Your bosses might anxiously check to confirm that you have the corresponding app on your mobile. If you don’t have it enabled, you might be considered a low-functioning individual, certainly not a productivity enthusiast.

Perhaps, for good measure, they’ll add one more field to fill out in the biography: “which voice assistant do you use?”

And let’s not forget the change in paradigm in the way capitalism organizes work. The creators of smart voice assistants remind us of this. According to statements by a senior fellow at the Stanford Research Institute:

Many of the things we do in the real world involve interacting with “specialists” across a spectrum from waiters to bank employees or health professionals. The rapid global adoption of wearable devices requires us to move beyond virtual personal assistants and build virtual “specialists” that will enable consumers to actually get things done through their wearable devices.

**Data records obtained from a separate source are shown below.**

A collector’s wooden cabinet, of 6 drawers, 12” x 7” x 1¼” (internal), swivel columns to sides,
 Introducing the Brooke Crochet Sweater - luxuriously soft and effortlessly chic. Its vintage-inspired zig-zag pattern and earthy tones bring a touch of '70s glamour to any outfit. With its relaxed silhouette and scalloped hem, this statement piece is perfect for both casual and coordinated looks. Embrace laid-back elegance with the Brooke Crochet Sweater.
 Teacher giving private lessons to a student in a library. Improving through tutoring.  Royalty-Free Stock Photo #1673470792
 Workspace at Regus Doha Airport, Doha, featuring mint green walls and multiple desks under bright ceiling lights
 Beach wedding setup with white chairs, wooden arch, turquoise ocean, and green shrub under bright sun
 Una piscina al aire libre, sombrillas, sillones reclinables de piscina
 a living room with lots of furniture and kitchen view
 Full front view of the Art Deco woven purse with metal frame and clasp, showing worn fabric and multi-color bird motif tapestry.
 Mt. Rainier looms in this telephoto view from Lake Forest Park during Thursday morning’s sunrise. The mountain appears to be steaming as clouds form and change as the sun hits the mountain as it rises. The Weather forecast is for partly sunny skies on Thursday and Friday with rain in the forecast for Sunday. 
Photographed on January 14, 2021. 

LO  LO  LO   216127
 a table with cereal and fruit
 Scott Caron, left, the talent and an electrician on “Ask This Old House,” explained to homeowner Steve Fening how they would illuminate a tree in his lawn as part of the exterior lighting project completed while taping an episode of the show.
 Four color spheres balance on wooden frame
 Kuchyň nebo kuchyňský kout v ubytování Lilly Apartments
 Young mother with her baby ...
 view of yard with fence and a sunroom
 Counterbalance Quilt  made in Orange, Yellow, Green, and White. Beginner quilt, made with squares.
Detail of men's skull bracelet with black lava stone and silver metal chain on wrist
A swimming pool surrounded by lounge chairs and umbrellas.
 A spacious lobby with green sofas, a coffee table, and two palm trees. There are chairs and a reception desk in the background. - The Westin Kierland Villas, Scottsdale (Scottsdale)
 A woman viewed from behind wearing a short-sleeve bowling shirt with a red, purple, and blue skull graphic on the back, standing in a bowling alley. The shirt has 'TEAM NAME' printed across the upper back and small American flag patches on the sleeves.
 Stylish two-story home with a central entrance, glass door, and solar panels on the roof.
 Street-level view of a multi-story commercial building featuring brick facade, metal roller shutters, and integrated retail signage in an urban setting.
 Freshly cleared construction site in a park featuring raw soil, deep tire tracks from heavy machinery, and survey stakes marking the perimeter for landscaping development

Virtual workers, that is, who will work 24 hours a day without objections, without getting upset, without asking for a salary, and without organizing against their bosses.

Now that we have the words…

Companies don’t hide things behind their words when they advertise Intelligent Voice Assistants. Their systems do indeed have these features. What they don’t mention with sufficient honesty, however, are the actual “words.” Can you really talk to such a program the way you would talk to a good friend? If a good friend is one who sits in front of a computer, searching the internet while half-understanding what you’re saying—unless you say it with perfect pronunciation and intonation—and finally shows you the relevant results they found, then yes! Because for most people (for now), this kind of interaction doesn’t seem very appealing or useful, companies are making a lot of effort to incorporate additional languages or idioms into speech recognition. In the same direction, smart voice assistants have the ability to register personal keywords. Users of these programs often say that you need to “train” them a lot for them to work. That is, you have to teach them many keywords. Also, regardless of language peculiarities, there is another important issue concerning the voice commands themselves and their syntax. There are plenty of tutorials online on how to properly give voice commands to each program so they will be effective. For example, if you say, “Katerina makes the best green beans I’ve ever eaten,” the program will perform an internet search with those exact words. If you say, “I miss Katerina’s food! I should tell her next time we talk,” no special function will be activated. For the device to register the reminder, the command must be given with the correct syntax, according to the manual.²

So, users also need their own education on their part in order to make proper use of the machines. They must adapt their vocabulary and sentence syntax so that the machine can understand them. Over time, of course, this becomes less tedious, as the machine’s ways pass into everyday use and thus algorithmic/mechanical thinking and expression of speech become habitual and happen more automatically. Whatever the machine can understand is fine to say, the rest doesn’t get through, it gets cut off. Therefore, if after 10 years we meet on the street, you might say to me – I’m hungry!, and I might then answer – You will need to have lunch. Your options are as follows:
1. Meal preparation. – 2. Restaurant reservation. – 3. Delivery order.
Perhaps then this would sound quite natural…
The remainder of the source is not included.